Question

$\lim_{x \to \infty} \left[ \frac{x^2 + 1}{x + 1} - ax - b \right], \, (a, b \in \mathbb{R}) = 0$. Then

• A. a=0, b=1
• B. a= 1, b= -1
• C. a = -1, b = 1
• D. a = 0, b =0

Answer 1

The Correct Option is B

We are given the limit expression: \[ \lim_{x \to \infty} \left[ \frac{x^2 + 1}{x + 1} - ax - b \right] \]

Step 1: Simplify the rational expression
We start by simplifying the rational term \( \frac{x^2 + 1}{x + 1} \). Perform polynomial long division on \( \frac{x^2 + 1}{x + 1} \): Dividing \( x^2 + 1 \) by \( x + 1 \), we get: \[ \frac{x^2 + 1}{x + 1} = x - 1 + \frac{2}{x + 1} \] Thus, the original expression becomes: \[ \frac{x^2 + 1}{x + 1} - ax - b = \left( x - 1 + \frac{2}{x + 1} \right) - ax - b \] 

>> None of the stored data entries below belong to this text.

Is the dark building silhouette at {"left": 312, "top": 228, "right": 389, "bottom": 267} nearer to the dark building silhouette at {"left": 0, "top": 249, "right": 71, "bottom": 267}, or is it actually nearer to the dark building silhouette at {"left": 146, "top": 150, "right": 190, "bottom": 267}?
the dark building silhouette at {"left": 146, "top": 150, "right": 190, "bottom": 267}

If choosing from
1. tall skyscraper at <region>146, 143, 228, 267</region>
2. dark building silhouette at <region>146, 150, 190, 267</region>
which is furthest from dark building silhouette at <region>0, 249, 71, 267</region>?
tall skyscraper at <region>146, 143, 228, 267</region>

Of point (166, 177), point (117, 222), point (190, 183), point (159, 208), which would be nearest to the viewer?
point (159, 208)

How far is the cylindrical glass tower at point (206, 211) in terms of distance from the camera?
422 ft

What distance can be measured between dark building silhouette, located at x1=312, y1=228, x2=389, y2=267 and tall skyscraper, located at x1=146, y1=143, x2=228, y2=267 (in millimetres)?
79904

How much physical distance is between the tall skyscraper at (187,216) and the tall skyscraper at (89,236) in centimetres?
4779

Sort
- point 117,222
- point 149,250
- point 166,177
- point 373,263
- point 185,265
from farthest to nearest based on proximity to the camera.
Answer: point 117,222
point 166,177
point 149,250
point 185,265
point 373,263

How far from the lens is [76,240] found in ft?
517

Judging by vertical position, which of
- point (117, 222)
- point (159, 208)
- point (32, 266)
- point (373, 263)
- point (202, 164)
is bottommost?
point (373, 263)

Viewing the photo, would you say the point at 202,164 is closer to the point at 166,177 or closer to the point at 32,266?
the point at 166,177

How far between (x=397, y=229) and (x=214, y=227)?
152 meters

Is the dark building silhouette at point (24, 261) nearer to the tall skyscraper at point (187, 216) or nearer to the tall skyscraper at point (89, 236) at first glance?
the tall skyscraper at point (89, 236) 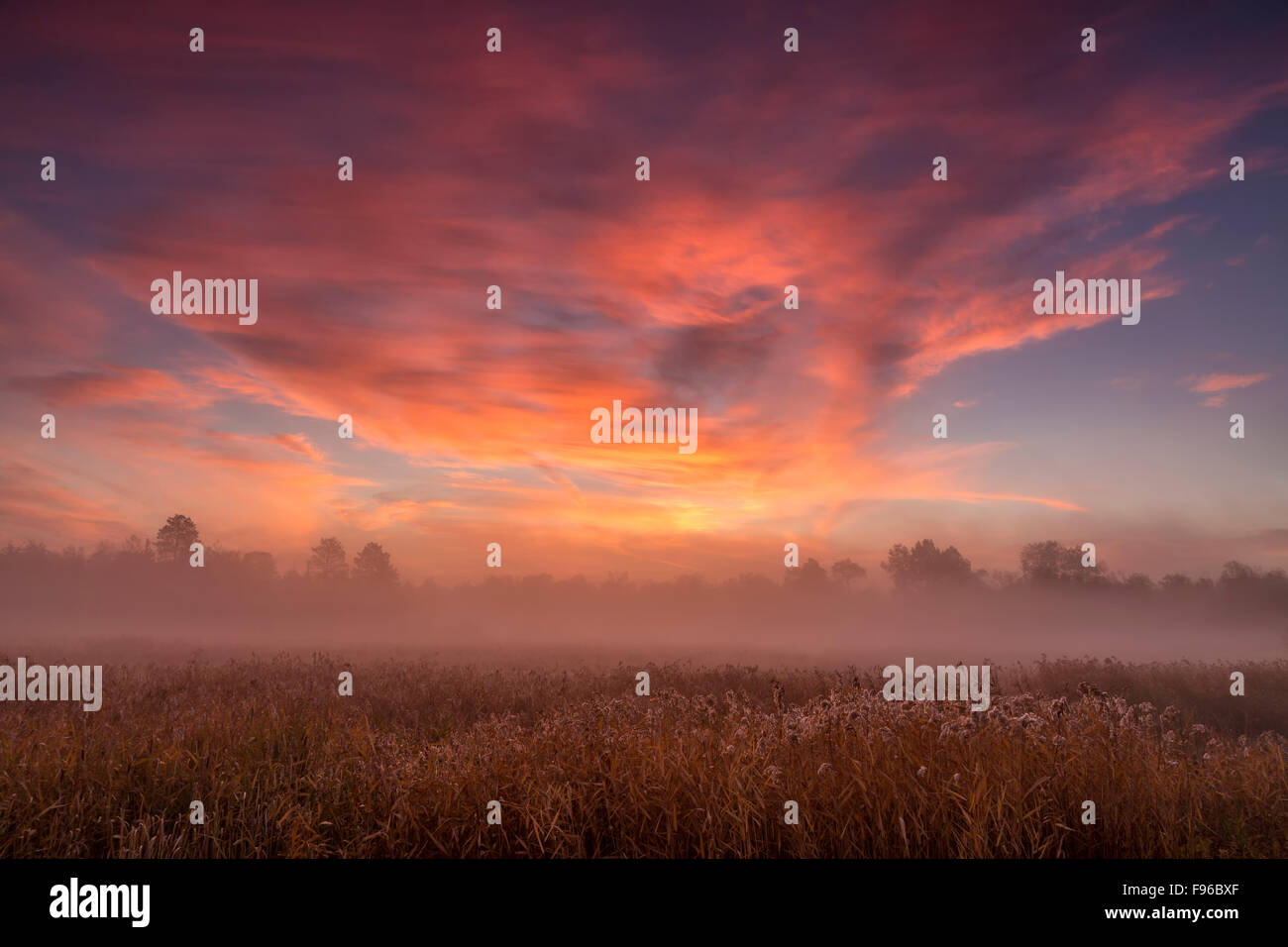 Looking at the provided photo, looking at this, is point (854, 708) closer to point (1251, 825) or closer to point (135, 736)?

Step 2: Combine like terms
Now, combine like terms: \[ x - 1 + \frac{2}{x + 1} - ax - b = (x - ax) + (-1 - b) + \frac{2}{x + 1} \] \[ = (1 - a)x + (-1 - b) + \frac{2}{x + 1} \] 

Step 3: Evaluate the limit
As \( x \to \infty \), the term \( \frac{2}{x + 1} \to 0 \), so the expression simplifies to: \[ (1 - a)x + (-1 - b) \] For the limit to be 0, the coefficient of \( x \) must be 0, i.e., \( 1 - a = 0 \), which gives \( a = 1 \). Additionally, the constant term must also be 0, i.e., \( -1 - b = 0 \), which gives \( b = -1 \). 

Conclusion:
Therefore, the values of \( a \) and \( b \) are \( a = 1 \) and \( b = -1 \).

Answer:

\[ \boxed{a = 1, b = -1} \]